The Basement Surfers have a really creative video for the final song, “Friend Vicodin.” It’s such a simple concept, but very effective. A lovely girl sits in a white dress, eating Vicodin…pill after pill throughout the entire song. So much so that her mouth can’t take any more and the little white pills tumble from her mouth, yet she continues to shove more into her mouth from her unlimited supply of the song’s namesake. There is a ghosting effect that is powerful in making you believe the drugs are starting to take hold. And the actress is quite convincing with her Amy Winehouse makeup and dramatic look of despair. The ending of the video is the best, and I for one am glad they chose to end the story the way they did (I will leave the mystery a mystery).
“The collective wishes to create an inviting, accepting and inclusive environment for all who need one and states that the music is often very personal and that they hope that the listener can reflect on the music and can find ways to connect and learn about themselves through respective introspection.” – Per the band’s site. I did not have this profound experience, but perhaps you will.

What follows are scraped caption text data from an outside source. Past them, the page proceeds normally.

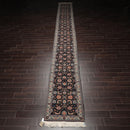 2'6" x 21'5” Hand Knotted 200 KPSI Rare Romanian Kashaan Area Rug Midnight Blue Runner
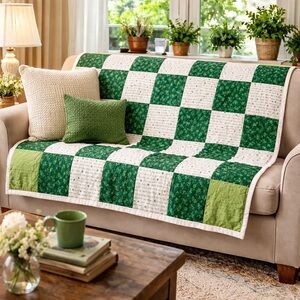 Vintage Irish Blessing Quilt 42” x 52” Green Patchwork Cotton Throw St Patrick’s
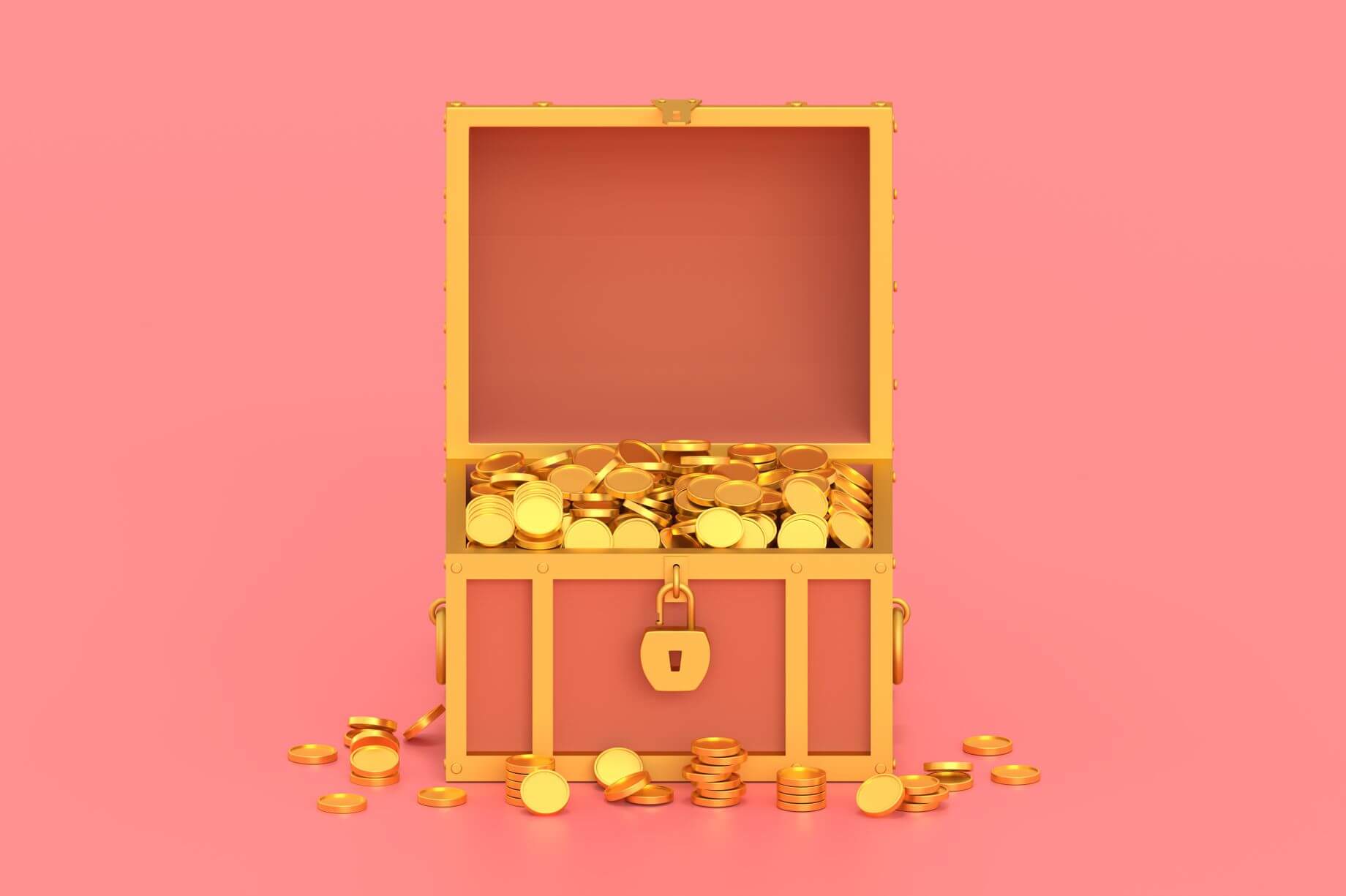 The Mysterious Hunt for Forrest Fenn's Gold Treasure Forrest Fenn’s mysterious treasure found by a medical student from Michigan as shown in the picture of a gold chest filled with gold coins on the pink background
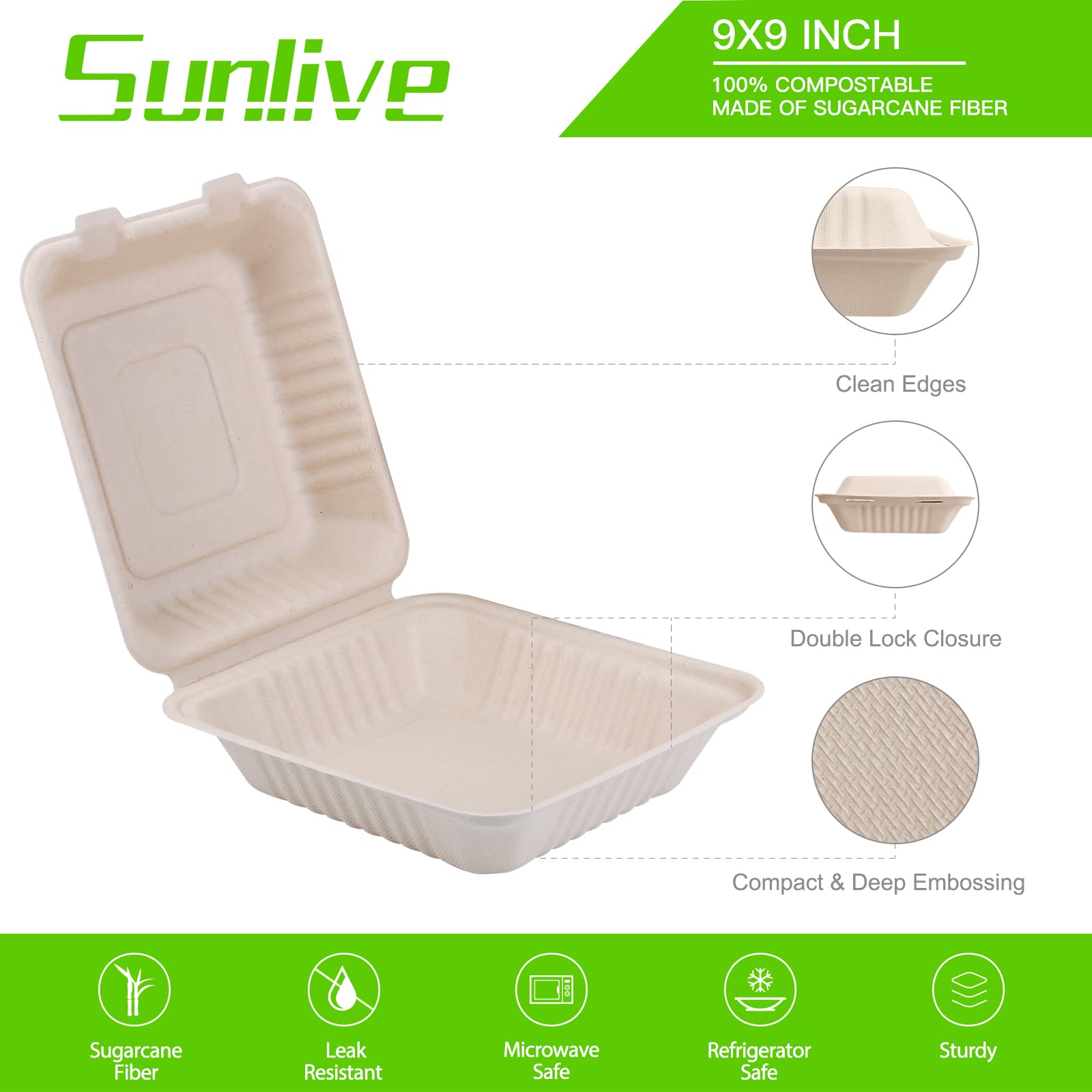 Take Out Containers To Go Boxes 50-Pack 9x9 Compostable Clamshell ...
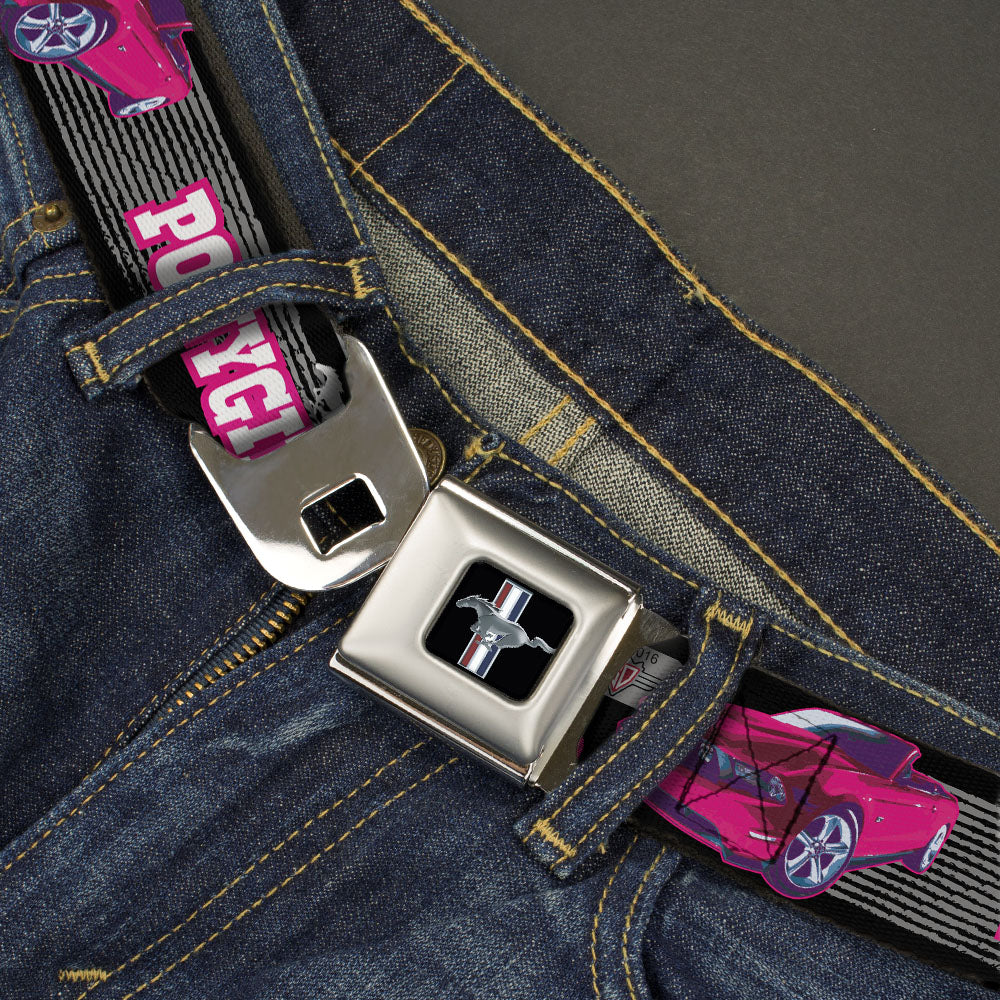 Ford Mustang Emblem Seatbelt Belt - Mustang PONY GIRL/Tire Tread Black/Gray/Fuchsias Webbing Seatbelt Belts Ford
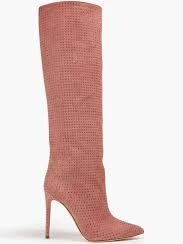 Holly crystal-embellished suede knee boots - antique rose - EU 37.5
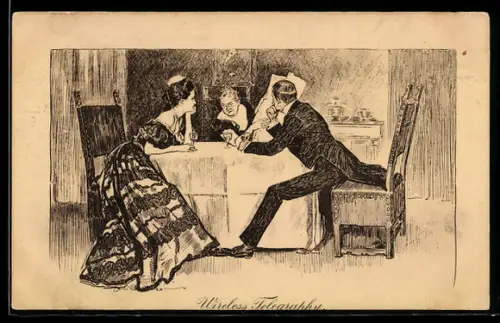Künstler-AK Charles Dana Gibson: Wireless Telegraphs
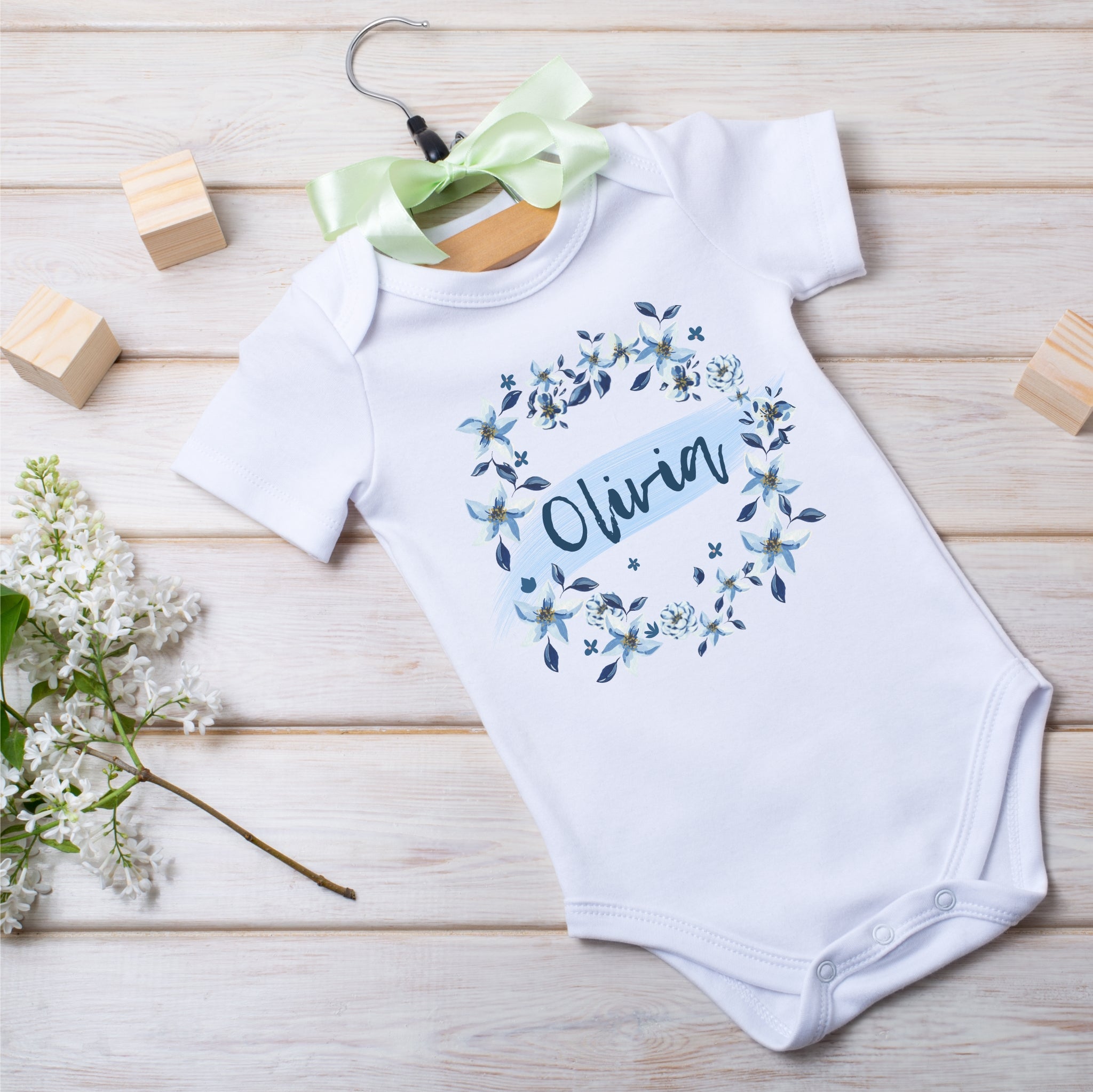 Personalised Blue Flower Baby Outfit: Bib, Vest, Grow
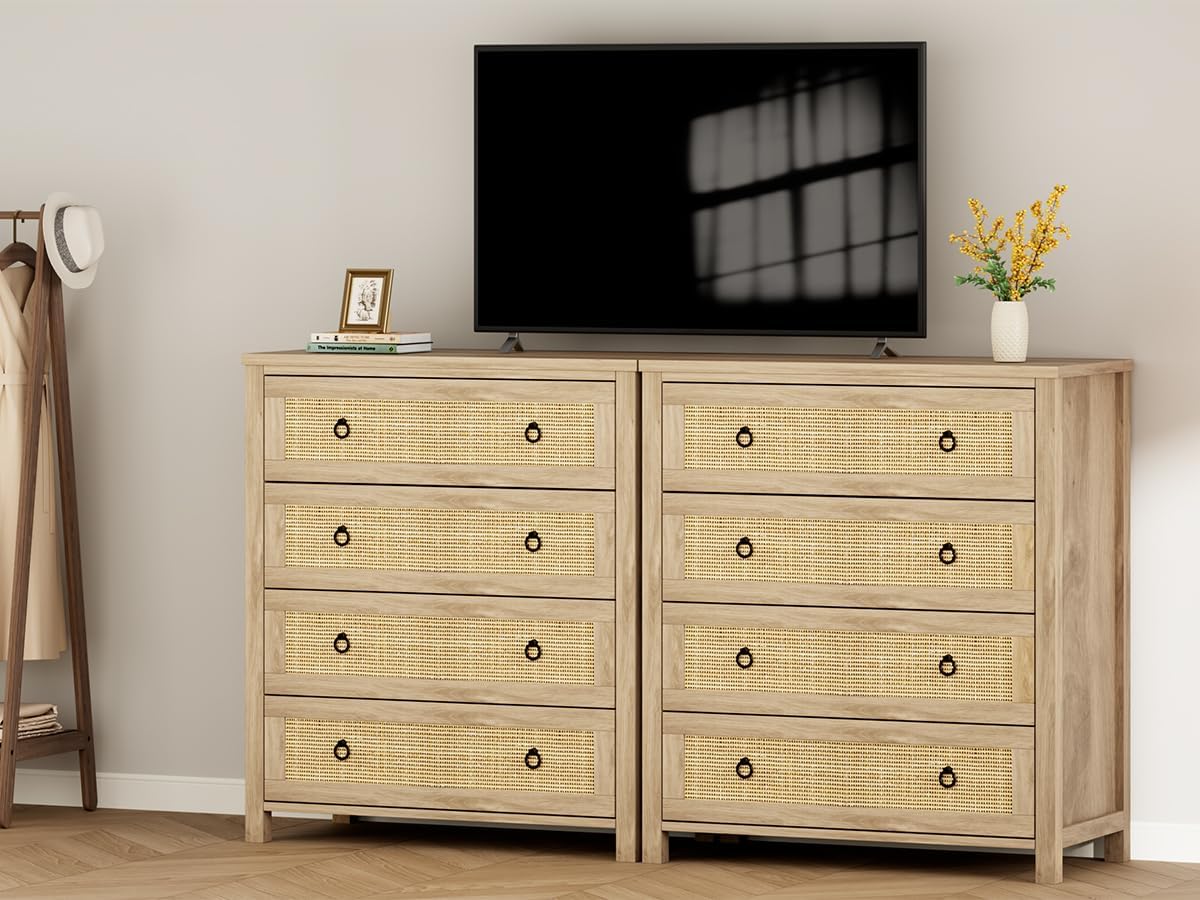 IDEALHOUSE Rattan Dresser for Bedroom, Chest of Dressers 37' Tall Dresser for Closet with 4 Rattan Drawers Chest with Clothes Storage Cabinet, Drawer Organizer for Bedroom, Living Room, Hallway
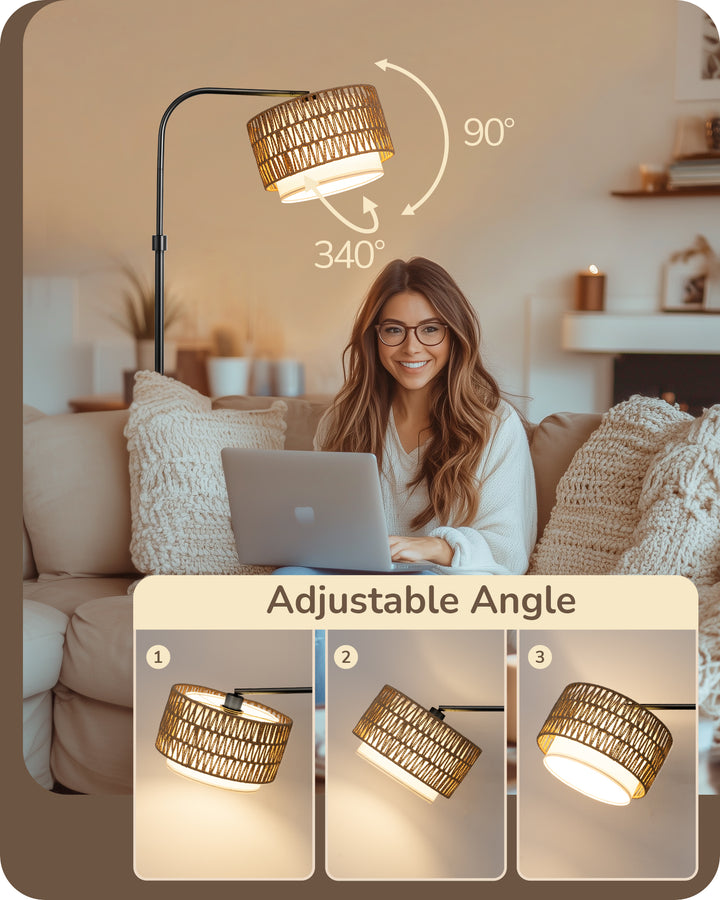 Rattan Arc Floor Lamp-HFLEA1A1-HFLEA1B1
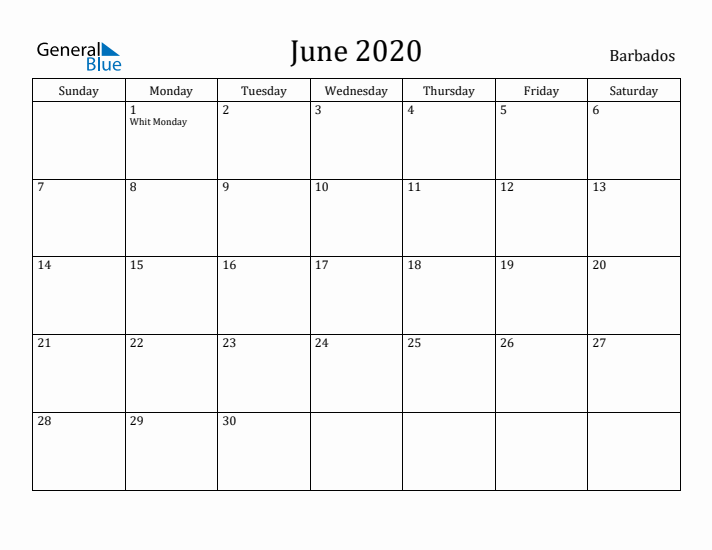 June 2020 Calendar Barbados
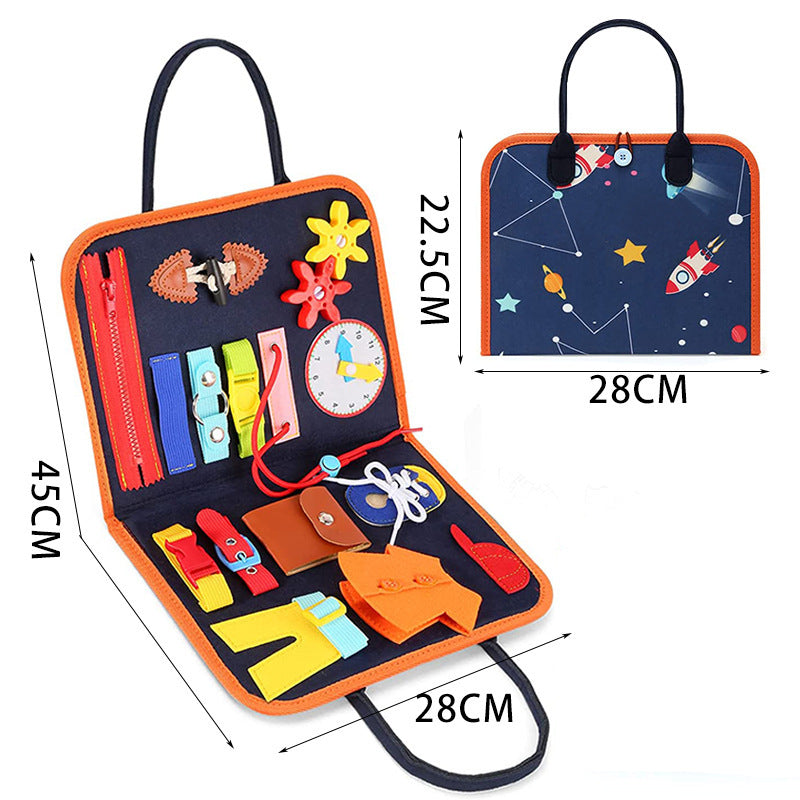 Felt Busy Book for Toddlers, Dressing and Buttoning Learning Board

You can stream the album at:
And, as always, if you like it, BUY it.
You can watch the video for “Friend Vicodin” here:
Basement Surfers are:
Carter Prince (vocals/guitar/synths/drum machine/sampling)
Jon Dugger (guitar)
Connor Johnson (drums)
Savvas Matiatos (bass)
Addison Kotulski (french horn)
Kaylah Saltzman-Bravo (auxiliary percussion)
Alex Rovegno (analog synthesizer)
Noah Colbeck (tablas, auxiliary percussion)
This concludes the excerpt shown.